CHICAGO (Reuters) - Unusual bets that shares of NRG Energy Inc (NRG.N) would rise before Exelon Corp made an unsolicited buyout offer for the independent power producer has raised questions among some option participants on whether the news was leaked ahead of time.

Exelon (EXC.N), the largest nuclear power operator in the United States on Sunday offered to pay $6.2 billion in stock for NRG. Executives from both companies met on September 30, but the meeting was not disclosed until Sunday night. The offer represented a 37 percent premium over NRG's closing price on Friday of $19.33, which was a 6.3 percent gain on the day.

NRG shares on Monday rose 29.33 percent to close at $25 on Monday on the New York Stock Exchange.

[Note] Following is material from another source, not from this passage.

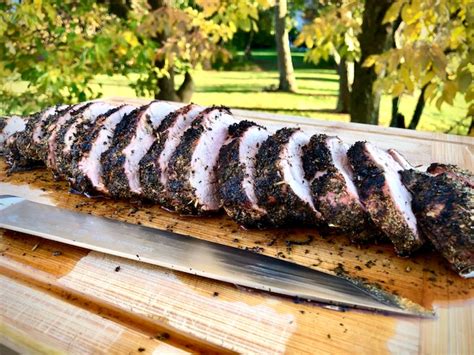 Herb Crusted Pork Tenderloin Sear Marks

NRG's option activity averaged 14,398 contracts per day so far in October. But last week the option volume was heavier than usual on two days with the overwhelming majority on the call side, according to the Options Clearing Corp.

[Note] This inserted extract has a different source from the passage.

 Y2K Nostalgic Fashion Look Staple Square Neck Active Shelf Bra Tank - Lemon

The U.S. Securities and Exchange Commission declined to comment on the unusual option activity.

Part of that volume surge could be related to the monthly expiration of October options, an event that can create more turnover when traders close out positions or roll them out to November, the next front month or later dated months.

The circumstances surrounding the call activity may also reflect speculative bullish bets or plain luck rather than insider trading.

But Jon Najarian, a founder of Web information site optionmonster.com in Chicago, viewed the activity as "strange" even on an expiration week.

"I believe someone got wind of the Exelon bid and got some calls, and/or created some synthetic calls by buying puts and buying stock at the same time to profit from an advance in the stock," he said.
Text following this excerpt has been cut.